## Study material
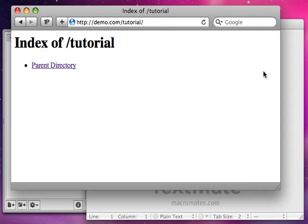Hey everyone, this is Baylor from Scooby Dooby Doo on YouTube, and in this video I want to show you learning PHP. There'll be a couple videos on learning PHP from scratch, so that's what we're going to do.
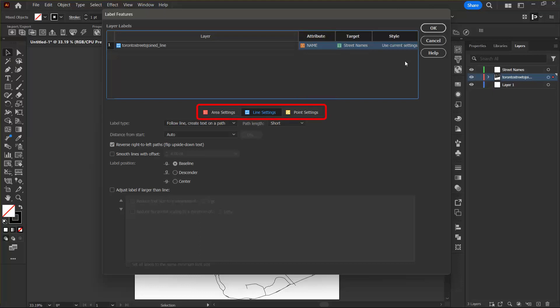The label settings tabs contain options to adjust label position, alignment to lines of latitude, minimum font sizes, and horizontal scaling to optimize label placement within polygons and paths.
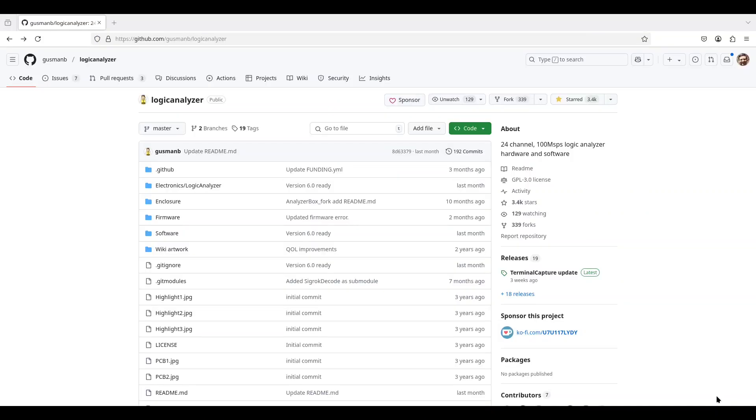But then I stumbled upon this GitHub project. This is a logic analyzer that's built on top of a Raspberry Pi Pico, and it supports 24 channels at 100 million samples per second. It also contains its own logic analyzer software that's built in. And I'm going to say it's pretty mature. There's already version 6 that was released just ahead of me recording this video, and it seems to bring quite a bit of polish to the project itself.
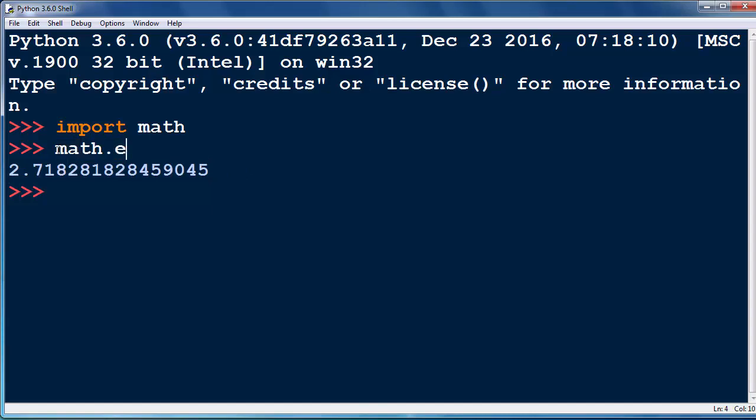What if we want to use E constant in calculations? For example, you can make a variable E which will have the value of Euler's constant.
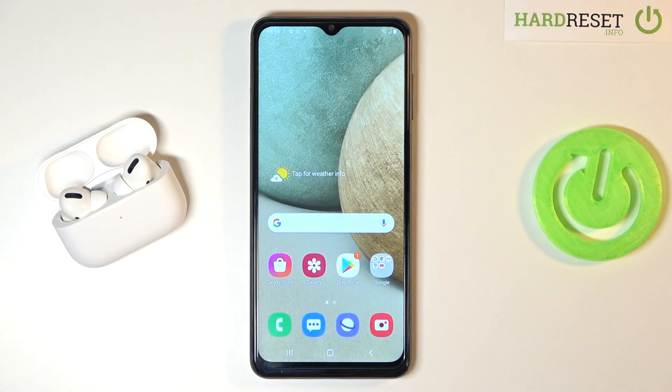Welcome! In front of me I have a Samsung Galaxy M12, and today I'll show you how you can check the number of apps opened each day.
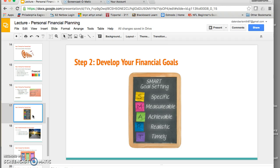Your goals also need to be realistic — based on your income, it has to be something you can afford. If you're in college, you can't expect to buy a new car every year. And finally, they need to be timely. For that $1,000 vacation goal, set a timeline — say 10 months — and then save $100 a month to reach that goal within 10 months. Those are the things to think about when setting your goals.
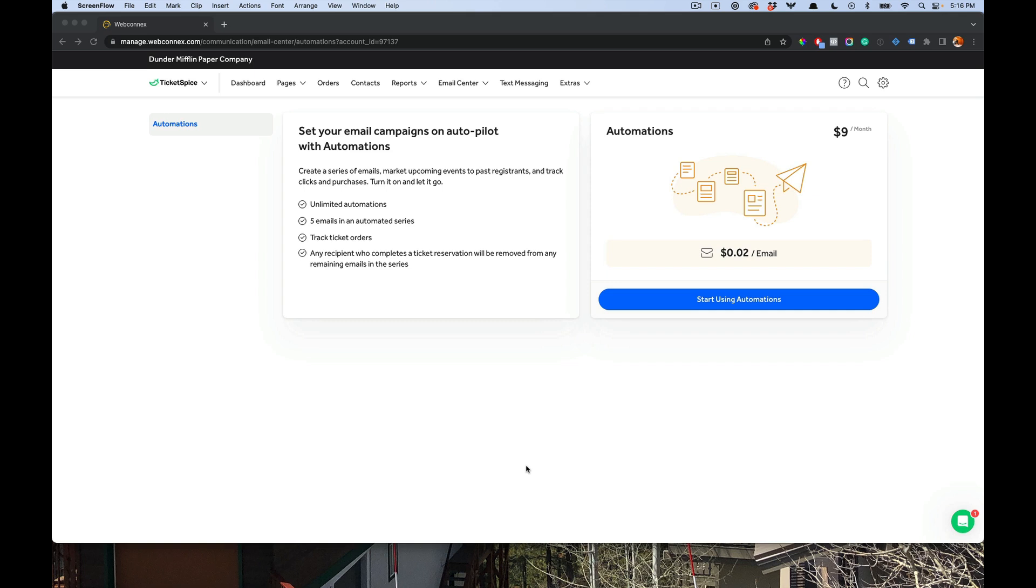Hey, this is Eric from Ticket Spice, and in this demo I'm going to show you how to set up and use email automations inside Ticket Spice.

## Goal of the exercise
Would you copy out, exactly and with no pictures, only the lines above from the one that contains "But then I stumbled" through the one that contains "What if we want"?

## Output for this task
But then I stumbled upon this GitHub project. This is a logic analyzer that's built on top of a Raspberry Pi Pico, and it supports 24 channels at 100 million samples per second. It also contains its own logic analyzer software that's built in. And I'm going to say it's pretty mature. There's already version 6 that was released just ahead of me recording this video, and it seems to bring quite a bit of polish to the project itself.
What if we want to use E constant in calculations? For example, you can make a variable E which will have the value of Euler's constant.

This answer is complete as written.